The Great War: stories inspired by objects from
the First World War
(Walker Books, 2014)
304 pages,
with full page black and white illustrations by Jim Kay; 11 stories
by David Almond, John Boyne, Tracy Chevalier, Ursula Dubosarsky, Timothée de
Fombelle, Adèle Geras, A.L. Kennedy, Tanya Lee Stone, Michael Morpurgo, Marcus
Sedgwick and Sheena Wilkinson.
Subjects:
World War One, England, France, short stories (Year 5-8)
Synopsis
This anthology
contains stories by English, American, French, Irish and
Australian authors. Each author uses a particular
object as the inspiration for a story about the First World War. The objects include
items belonging to individual soldiers – a helmet, a writing case, a compass.

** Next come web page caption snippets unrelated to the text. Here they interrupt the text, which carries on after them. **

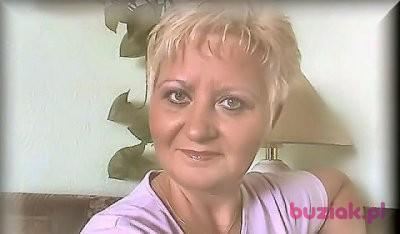 joanna131, Female, 63, Szczecin, Polska, Photo: 2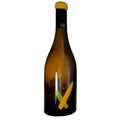 Matt Taylor Wines Komorebi Vineyard Chardonnay 2021 750 ML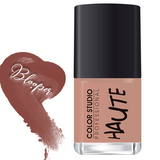 Color Studio - Haute - Blooper 5.5ml - COLORSTUDIOMAKEUP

Some are printed material: sheet music, school magazines, a recruitment
poster. There is a French toy soldier,
the nose from a Zeppelin bomb and a Victoria Cross and a Princess Mary gift box. One of my favourite items was a hand-painted
war time butter dish.
Some stories
are set in the present day (a school history trip to the battlefields), others
in the past. A number of them have girls as the main characters. One is a sort of ghost story. One is written
as a poem. Many are firmly based in family life. As in all anthologies, some stories work
better than others, but all are of a very high standard.
The pages at the end
of the book contain biographical information about the contributors and
pictures of their chosen objects. From the picture credits, you can work out
where most of the objects come from (many are held in the Imperial War Museum),
but I would have liked some more information about how the authors chose the
object they wrote about. (This article in the Guardian shows some of the objects.)
About the illustrator
Interesting
random facts: Jim Kay won the Kate Greenaway Medal in 2012 for his
illustrations for A monster calls by
Patrick Ness and was chosen by J.K. Rowling to illustrate the full-colour
editions of the Harry Potter series. Here they are!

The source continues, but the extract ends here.